Introduction/ What is?

Kneecap dislocations are fairly common injuries, more often seen in children or young adults. They are usually the result of sports injuries.

What are the symptoms?

The common symptoms of collateral ligament tears are:

  1. Popping sound/ feeling during the injury
  2. Significant pain at the front of the knee
  3. In some patients, the kneecap dislocates and pops back in place quickly. In these cases, they are still able to stand and limp after the injury. In other cases, the kneecap dislocates and stays displaced. Patients will experience severe pain in the knee, are unable to straighten their knees themselves and are unable to stand or move the knee.
Anatomy/ Pathology

The kneecap (patella) is a small bone sitting at the front of the knee joint (comprising the thigh bone and shin bone). It should stay at the front of the knee joint throughout the entire range of movement of the knee. It is kept in place by a combination of neatly fitting in a groove in the thigh bone at the front of the knee, as well as a thin, flat ligament connecting the inner edge of the kneecap to part of the thigh bone. This ligament is known as the medial patella-femoral ligament (MPFL).

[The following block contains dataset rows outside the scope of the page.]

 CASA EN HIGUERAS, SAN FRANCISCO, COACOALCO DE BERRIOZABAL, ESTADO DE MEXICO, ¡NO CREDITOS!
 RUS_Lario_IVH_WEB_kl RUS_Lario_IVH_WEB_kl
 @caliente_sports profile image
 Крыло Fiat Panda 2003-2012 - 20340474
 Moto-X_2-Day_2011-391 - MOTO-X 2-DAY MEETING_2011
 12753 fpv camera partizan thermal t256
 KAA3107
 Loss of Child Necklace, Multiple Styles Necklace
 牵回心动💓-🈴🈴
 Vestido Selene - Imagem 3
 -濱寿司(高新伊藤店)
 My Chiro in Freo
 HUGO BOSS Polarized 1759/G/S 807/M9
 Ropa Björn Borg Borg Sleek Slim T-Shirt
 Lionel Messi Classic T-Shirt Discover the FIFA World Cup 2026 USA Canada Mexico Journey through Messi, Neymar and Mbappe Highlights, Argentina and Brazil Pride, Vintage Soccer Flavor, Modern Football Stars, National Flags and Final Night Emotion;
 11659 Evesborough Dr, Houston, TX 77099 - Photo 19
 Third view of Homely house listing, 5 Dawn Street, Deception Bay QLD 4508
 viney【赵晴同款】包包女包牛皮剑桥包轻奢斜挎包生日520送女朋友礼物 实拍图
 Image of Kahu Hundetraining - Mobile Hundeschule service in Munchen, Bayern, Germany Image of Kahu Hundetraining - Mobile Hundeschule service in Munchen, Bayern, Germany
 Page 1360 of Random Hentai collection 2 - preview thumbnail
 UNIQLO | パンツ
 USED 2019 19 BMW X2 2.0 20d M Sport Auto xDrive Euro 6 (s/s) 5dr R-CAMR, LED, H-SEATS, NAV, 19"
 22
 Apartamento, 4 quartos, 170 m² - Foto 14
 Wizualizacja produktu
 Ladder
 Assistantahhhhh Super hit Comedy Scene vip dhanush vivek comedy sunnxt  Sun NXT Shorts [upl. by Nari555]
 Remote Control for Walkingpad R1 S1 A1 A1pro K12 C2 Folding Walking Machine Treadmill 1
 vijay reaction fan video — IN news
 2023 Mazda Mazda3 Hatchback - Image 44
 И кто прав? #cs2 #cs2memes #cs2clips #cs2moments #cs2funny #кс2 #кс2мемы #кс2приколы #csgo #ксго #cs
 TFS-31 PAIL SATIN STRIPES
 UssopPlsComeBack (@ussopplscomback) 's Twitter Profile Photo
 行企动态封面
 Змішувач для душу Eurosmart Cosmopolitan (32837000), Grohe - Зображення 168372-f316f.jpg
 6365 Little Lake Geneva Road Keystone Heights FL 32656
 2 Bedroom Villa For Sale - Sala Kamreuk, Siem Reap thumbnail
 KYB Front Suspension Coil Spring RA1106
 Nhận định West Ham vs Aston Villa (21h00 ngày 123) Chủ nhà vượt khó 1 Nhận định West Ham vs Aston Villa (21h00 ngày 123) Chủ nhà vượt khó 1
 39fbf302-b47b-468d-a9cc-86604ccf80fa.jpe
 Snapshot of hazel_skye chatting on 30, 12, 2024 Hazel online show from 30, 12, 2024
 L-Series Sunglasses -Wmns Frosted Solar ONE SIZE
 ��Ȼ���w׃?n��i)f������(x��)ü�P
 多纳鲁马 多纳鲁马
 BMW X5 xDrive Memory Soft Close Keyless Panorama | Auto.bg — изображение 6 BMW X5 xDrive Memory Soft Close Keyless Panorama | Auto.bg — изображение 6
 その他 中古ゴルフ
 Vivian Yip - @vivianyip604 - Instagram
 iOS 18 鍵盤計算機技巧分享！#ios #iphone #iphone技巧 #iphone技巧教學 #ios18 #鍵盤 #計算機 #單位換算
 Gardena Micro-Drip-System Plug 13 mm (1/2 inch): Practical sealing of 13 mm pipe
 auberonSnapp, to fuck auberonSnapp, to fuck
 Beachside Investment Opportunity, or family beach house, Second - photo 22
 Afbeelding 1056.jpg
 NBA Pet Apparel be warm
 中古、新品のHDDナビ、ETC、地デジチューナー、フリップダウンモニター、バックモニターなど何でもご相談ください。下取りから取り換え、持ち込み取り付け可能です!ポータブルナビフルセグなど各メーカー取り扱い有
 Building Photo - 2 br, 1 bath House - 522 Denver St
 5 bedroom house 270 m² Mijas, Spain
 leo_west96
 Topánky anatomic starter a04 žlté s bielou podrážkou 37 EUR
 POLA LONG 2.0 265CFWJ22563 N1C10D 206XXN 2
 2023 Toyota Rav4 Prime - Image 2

If a twisting or direct impact of sufficient force is applied to the knee, the kneecap can get dislocated to the lateral side of the knee with resultant tear of the MPFL.

What caused it?

Sports injuries where the foot is firmly planted on the ground whilst the shin bone is twisted outwards with respect to the thigh bone, is the most common way kneecap dislocations occur. Alternatively, high impact to the inner side of the kneecap can also cause it to dislocate.    

Can it heal?

Yes the collateral ligaments can heal. However complete recover can take many months. Often in excess of half a year. Once they are healed, sporting ability is usually not significantly affected.

What tests can be done to diagnose this?

In an acute kneecap dislocation, the appearance of the knee with the kneecap awkwardly displaced to the side of the knee makes diagnosis straightforward in most instances. If need be, an x-ray will clearly demonstrate the injury. 

In cases where the kneecap had quickly popped back in place, clinical diagnosis is not so straightforward. In those cases, an MRI scan is the most reliable way to diagnose the problem.

What treatment options are there?

If the kneecap is acutely dislocated, it needs to be put back in place as soon as possible. This is usually easily done once pain-killers have been administered and the knee can be straightened. This will usually allow the kneecap to pop back in place by itself.

If it were the first time a kneecap dislocation had occurred, there may be a role of conservative treatment in the form of RICE (rest, ice, compression, elevation) and physiotherapy. 

There is a significant risk however, that the kneecap dislocation may occur again as the MPFL is often torn and its function is impaired. 

In patients who do not want to, or cannot afford to risk another kneecap dislocation, a relatively simple surgical procedure where the MPFL is either repaired (in acute cases) or reconstructed (in recurrent cases), can be performed.